|
Boost Users : |
From: John Maddock (john_at_[hidden])
Date: 2003-12-15 06:53:11
> >>It might be nice to have at least:
> >> [:hiragana:]
> >> [:katakana:]
> >> [:hankaku_katakana:]
> >
> > isn't that just [[:hiragana:][:katakana:]] ?
>
> "hankaku" is half-width characters. In Shift-JIS they are encoded with a
> single byte. In unicode they are encoded in a different block to normal
> katakana.
Sorry I misread your original.
> >> [:wide_alpha:]
> >> [:wide_num:]
> >> [:wide_alphanum:]
> >
> > There should be no need for those - [[:alpha:]] will detect wide
character
> > alphabetic characters perfectly well (provided the locale isn't "C").
>
> That sounds like it has potential for problems so I wonder if we're
talking
> about the same thing; by wide I mean the character occupies the same
amount
> of screen space as a kanji, which is twice as wide as the ascii character.
>
> E.g. "A1" rather than "A1".
OK, do you mean what Unicode calls "Full Width" rather than "Half Width"?

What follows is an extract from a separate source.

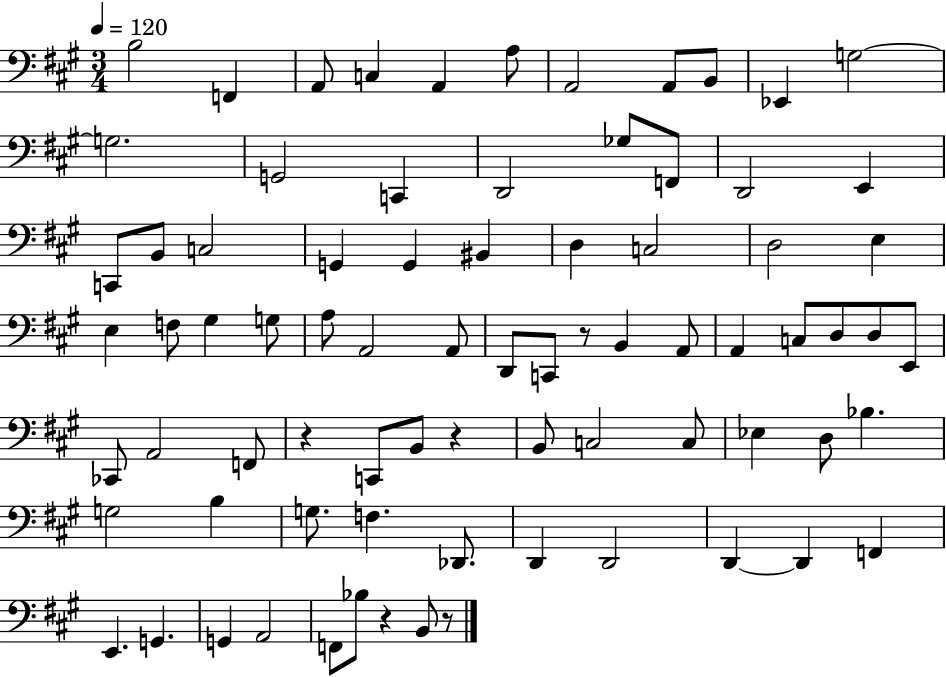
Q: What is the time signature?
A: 3/4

> However my main use case is not so much detecting with regex as converting
> them to ascii; e.g. given a list of email addresses, some of which the
user
> has typed in with their Japanese IME still switched on. I'll convert to
> ascii then run the email address through a regex.
>
> >>Defining the set of Japanese kanji would be harder.
> >
> > How are they defined?
>
> The Japanese kanji can be thought of a subset of Chinese, so the issue is
> where the subset ends, and there are various definitions. Joyo kanji is
> approx 2000 common ones, but people names often use others, and academics
> use more. I've not looked but it is possible Joyo kanji may be scattered
> around unicode.
>
> Simplest would be to define [:kanji:] as all Chinese characters, and
anyone
> needing to distinguish Japanese from Chinese could then use a lookup
table.
OK, I'm beginning to regret asking :-)
> > It might be best to add a facility to add new character classes as a
list of
> > characters and ranges to include, something like:
> >
> > register_character_class("myname", "d-f");
> >
> > Then we add all the Unicode block ranges as standard for wide character
> > regexes.
>
> Sounds good. Do you mean in an extra include file, e.g.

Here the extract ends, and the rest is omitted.